Bounding the norm of an inverse matrix from above

determinantinverselinear algebramatrices

In my situation I have an $s\times k$ integer matrix $X$ of rank $s$ and an $k\times k$ positive diagonal matrix $D$, where $s\leq k$. Say I can bound $||X||_{\infty}$, and I know $D$ precisely. Can I bound the norm of $(XDX^{t})^{-1}$ from above? I tried looking at the determinant, which has a nice expression:

$det(XDX^{t})=\sum_{\sigma}d_{\sigma}\cdot m^{2}_{\sigma}$ where $\sigma$ is a choice of $s$ elements from $1,…,k$, $d_{\sigma}$ is the product of the appropriate elements of $D$ and $m_{\sigma}$ is the appropriate minor of $X$. This shows the determinant is not too small (?).

If anyone has any idea or any scheme to bound the inverses of such matrices, I would be very intersted and thankful!
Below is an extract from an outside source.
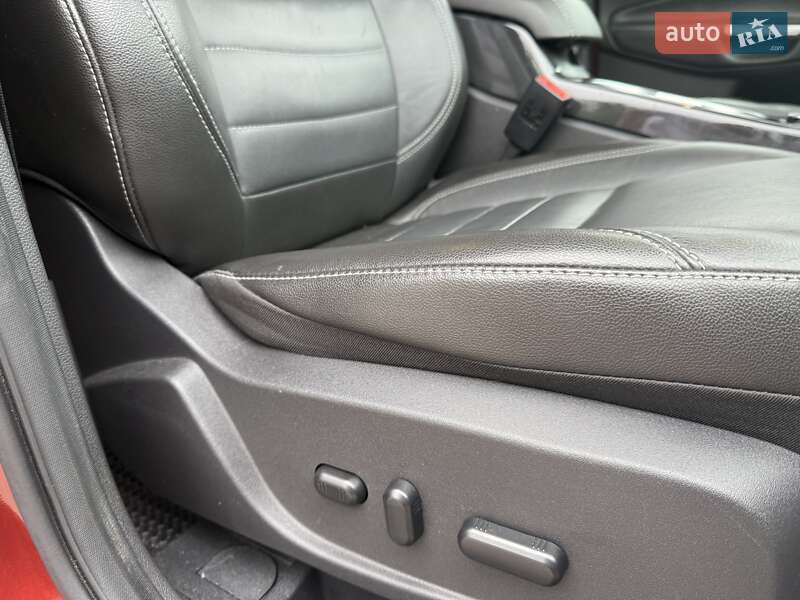 Позашляховик / Кросовер Ford Escape 2015 в Києві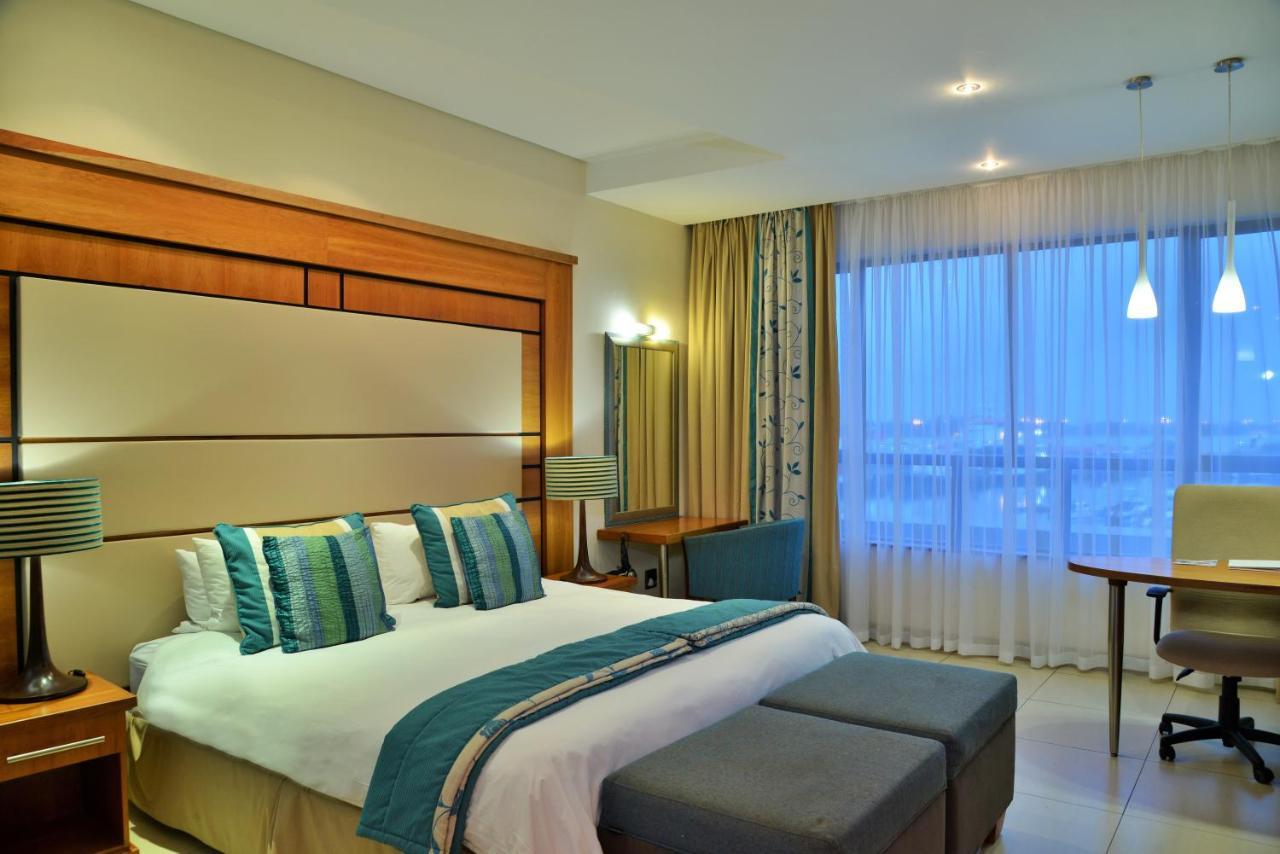 Bon Hotel Waterfront Richards Bay Bagian luar foto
Also, in my particular case $X=(Id_{s},X_0)$ the elements of $D$ are between greater than $1$,and $d_{1}>d_{2}>\dots>d_{k}$, if that helps.

Best Answer

I will make use of the euclidean norm for vectors and the operator norm for matrices.

Let $$X=\begin{bmatrix} I_s & X_0 \end{bmatrix} \quad D= \begin{bmatrix} D_s & 0 \\ 0 & D_r \end{bmatrix},$$ where $D_s$ denotes the $s\times s$ block of the matrix $D.$ Then $$XDX^t= D_s+X_0D_rX_0^t\ge D_s$$ Hence by the Cauchy-Schwarz inequality we have $$\|XDX^tv\|\,\|v\|\ge \langle XDX^t v,v\rangle \ge \langle D_sv,v\rangle\ge \min_{1\le j\le s} d_j\, \|v\|^2$$ Therefore for $d:=\displaystyle \min_{1\le j\le s}d_j$ we have $$\|XDX^tv\|\ge d\, \|v\|$$ The operator $XDX^t$ is invertible and $\|(XDX^t)^{-1}\|\le d^{-1}.$

Remark The entries $d_{s+1},d_{s+2},\ldots, d_k$ are not involved in the estimate.